(REQUIRED WORK)
The expected answer is the set of lines in the data below between the line holding "andor gerner business card" and the line holding "Real Carbon Fiber", inclusive, written out exactly.

**** RECORDS TO USE ****

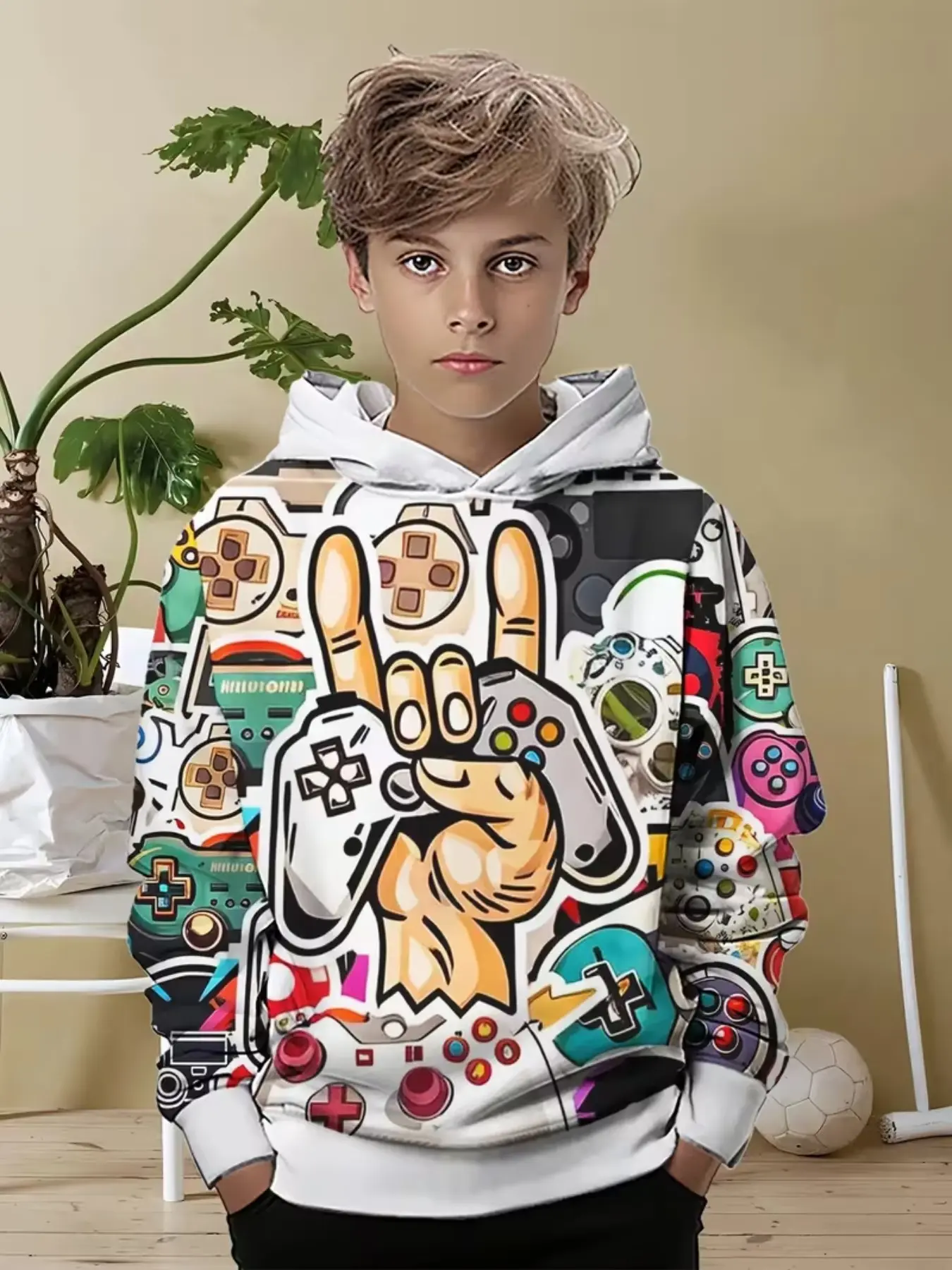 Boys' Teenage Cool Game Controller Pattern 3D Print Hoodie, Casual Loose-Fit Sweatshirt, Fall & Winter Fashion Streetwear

****
**** RECORDS TO USE ****

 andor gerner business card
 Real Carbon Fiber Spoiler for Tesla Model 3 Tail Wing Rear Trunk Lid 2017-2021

****

(RESULT OF THE EXERCISE)
 andor gerner business card
 Real Carbon Fiber Spoiler for Tesla Model 3 Tail Wing Rear Trunk Lid 2017-2021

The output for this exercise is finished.